Stonehenge breakthrough
SCIENTISTS from South Yorkshire uncovered vital evidence that could help solve one of the oldest British mysteries: why Stonehenge was built.
Archaeologists at the University of Sheffield have revealed new radiocarbon dates of human cremation burials at Stonehenge indicate the monument was most probably used as a cemetery for an elite royal family.
Sheffield archaeologists Professor Mike Parker-Pearson and Professor Andrew Chamberlain believe the cremation burials could represent the natural deaths of a single elite family and its descendants, perhaps a ruling dynasty from just after 3000 BC until well after the large stones went up around 2500 BC.
Their results contradict what many archaeologists previously believed – that people had been buried at Stonehenge only before the large stones, known as sarsens, were put in place.
The findings are the result of the Stonehenge Riverside Project, a collaboration between five UK universities.
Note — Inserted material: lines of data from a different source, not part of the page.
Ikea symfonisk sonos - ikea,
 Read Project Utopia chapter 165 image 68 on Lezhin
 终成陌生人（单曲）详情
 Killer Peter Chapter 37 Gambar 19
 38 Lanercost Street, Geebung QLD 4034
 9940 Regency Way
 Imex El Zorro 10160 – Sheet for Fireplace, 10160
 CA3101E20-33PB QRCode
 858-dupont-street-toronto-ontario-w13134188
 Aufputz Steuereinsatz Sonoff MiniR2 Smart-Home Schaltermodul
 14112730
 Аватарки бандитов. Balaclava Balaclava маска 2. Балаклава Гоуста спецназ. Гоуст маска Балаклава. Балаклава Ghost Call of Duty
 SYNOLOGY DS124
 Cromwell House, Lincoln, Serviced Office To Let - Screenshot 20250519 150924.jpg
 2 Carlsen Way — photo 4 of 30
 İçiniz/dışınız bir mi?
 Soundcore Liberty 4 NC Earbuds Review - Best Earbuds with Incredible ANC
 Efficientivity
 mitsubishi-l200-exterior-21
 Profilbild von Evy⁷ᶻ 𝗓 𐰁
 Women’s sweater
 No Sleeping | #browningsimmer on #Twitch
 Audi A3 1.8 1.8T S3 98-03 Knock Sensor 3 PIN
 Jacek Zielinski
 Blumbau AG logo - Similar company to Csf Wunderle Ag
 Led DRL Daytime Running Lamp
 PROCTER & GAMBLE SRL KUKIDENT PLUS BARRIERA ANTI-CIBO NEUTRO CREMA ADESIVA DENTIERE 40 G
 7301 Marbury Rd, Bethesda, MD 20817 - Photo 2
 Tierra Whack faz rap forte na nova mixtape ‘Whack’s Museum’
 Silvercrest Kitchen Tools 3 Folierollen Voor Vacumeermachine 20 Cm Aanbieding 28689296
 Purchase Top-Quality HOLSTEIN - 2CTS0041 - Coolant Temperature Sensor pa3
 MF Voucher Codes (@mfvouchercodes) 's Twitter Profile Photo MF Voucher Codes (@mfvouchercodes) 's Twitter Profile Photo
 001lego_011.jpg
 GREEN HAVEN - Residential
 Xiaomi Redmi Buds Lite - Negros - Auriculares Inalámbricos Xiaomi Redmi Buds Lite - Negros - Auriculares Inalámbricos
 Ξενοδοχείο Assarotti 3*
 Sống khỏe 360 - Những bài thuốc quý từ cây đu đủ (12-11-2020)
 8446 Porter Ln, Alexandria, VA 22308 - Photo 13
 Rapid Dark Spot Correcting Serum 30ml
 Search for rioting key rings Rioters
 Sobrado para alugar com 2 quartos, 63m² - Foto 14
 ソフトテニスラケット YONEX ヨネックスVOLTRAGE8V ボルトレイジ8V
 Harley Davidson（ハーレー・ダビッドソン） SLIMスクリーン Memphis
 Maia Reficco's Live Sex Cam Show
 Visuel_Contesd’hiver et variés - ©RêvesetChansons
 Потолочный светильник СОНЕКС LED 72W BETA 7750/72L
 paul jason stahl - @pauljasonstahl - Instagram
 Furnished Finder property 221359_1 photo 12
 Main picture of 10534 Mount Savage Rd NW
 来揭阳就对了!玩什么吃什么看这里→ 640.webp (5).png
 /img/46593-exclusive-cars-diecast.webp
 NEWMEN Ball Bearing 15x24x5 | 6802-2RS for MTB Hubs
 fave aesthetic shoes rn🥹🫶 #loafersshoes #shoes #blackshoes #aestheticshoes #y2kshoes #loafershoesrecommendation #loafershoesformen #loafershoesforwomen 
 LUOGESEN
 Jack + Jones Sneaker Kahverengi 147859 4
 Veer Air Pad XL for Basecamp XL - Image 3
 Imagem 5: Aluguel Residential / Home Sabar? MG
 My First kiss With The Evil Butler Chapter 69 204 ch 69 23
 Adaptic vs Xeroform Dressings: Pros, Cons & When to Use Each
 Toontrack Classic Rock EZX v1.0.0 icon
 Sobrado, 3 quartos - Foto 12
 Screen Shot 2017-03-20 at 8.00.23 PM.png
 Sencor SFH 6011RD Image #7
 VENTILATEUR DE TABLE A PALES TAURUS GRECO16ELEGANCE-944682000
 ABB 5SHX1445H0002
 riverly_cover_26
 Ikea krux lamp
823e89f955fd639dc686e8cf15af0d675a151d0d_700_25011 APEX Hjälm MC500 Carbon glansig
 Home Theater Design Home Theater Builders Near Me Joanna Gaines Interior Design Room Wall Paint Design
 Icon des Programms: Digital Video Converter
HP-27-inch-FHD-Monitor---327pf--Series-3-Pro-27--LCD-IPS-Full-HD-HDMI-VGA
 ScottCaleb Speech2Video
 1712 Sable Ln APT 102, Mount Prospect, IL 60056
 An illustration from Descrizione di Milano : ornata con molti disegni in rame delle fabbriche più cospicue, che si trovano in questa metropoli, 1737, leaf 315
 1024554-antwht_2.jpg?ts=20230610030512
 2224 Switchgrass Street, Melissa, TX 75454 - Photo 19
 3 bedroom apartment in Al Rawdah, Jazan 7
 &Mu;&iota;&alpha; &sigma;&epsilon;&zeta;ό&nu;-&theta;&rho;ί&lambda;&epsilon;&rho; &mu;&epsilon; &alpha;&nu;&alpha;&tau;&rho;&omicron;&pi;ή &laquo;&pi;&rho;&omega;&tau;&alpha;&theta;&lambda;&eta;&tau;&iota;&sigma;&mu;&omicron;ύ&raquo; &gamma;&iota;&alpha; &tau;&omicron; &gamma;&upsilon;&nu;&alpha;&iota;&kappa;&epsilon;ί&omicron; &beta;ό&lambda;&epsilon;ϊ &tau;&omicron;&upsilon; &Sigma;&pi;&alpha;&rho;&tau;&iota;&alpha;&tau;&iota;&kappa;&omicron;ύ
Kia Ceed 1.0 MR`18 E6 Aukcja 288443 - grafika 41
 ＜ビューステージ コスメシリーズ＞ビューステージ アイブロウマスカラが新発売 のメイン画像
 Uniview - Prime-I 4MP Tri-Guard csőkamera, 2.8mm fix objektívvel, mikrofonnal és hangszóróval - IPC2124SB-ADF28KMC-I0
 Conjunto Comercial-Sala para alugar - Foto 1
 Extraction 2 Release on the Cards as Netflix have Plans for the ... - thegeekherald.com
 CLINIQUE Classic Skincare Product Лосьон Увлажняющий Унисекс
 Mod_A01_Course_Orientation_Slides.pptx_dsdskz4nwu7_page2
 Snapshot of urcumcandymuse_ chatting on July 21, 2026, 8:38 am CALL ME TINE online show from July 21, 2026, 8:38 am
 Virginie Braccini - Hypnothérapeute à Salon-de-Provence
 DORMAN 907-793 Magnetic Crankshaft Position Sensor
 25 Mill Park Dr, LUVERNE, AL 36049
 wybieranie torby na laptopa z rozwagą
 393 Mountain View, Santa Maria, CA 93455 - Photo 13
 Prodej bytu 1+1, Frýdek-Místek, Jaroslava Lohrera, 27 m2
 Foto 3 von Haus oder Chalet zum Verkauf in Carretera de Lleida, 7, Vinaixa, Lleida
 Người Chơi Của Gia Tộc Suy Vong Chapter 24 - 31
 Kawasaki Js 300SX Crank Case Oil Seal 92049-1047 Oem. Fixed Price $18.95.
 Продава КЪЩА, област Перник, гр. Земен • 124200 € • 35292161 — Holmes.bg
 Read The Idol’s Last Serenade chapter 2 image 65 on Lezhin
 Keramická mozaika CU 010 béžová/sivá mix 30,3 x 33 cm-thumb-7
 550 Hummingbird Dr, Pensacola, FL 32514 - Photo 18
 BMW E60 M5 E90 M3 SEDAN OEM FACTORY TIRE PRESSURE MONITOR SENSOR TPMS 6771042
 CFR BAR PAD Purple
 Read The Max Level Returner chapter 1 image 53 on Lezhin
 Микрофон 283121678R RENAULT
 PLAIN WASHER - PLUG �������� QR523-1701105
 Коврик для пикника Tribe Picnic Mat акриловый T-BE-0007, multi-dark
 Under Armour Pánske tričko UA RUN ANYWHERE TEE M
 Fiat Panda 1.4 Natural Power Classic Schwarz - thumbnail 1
Prof Parker-Pearson, from the Department of Archaeology at the University of Sheffield, who is leading the project, said: "I don't think it was the common people getting buried at Stonehenge – it was clearly a special place at that time.
"The people buried here must have been drawn from a very small and select living population. Archaeologists have long speculated about whether Stonehenge was put up by prehistoric chiefs – perhaps even ancient royalty – and the new results suggest that not only is this likely to have been the case but it also was the resting place of their mortal remains."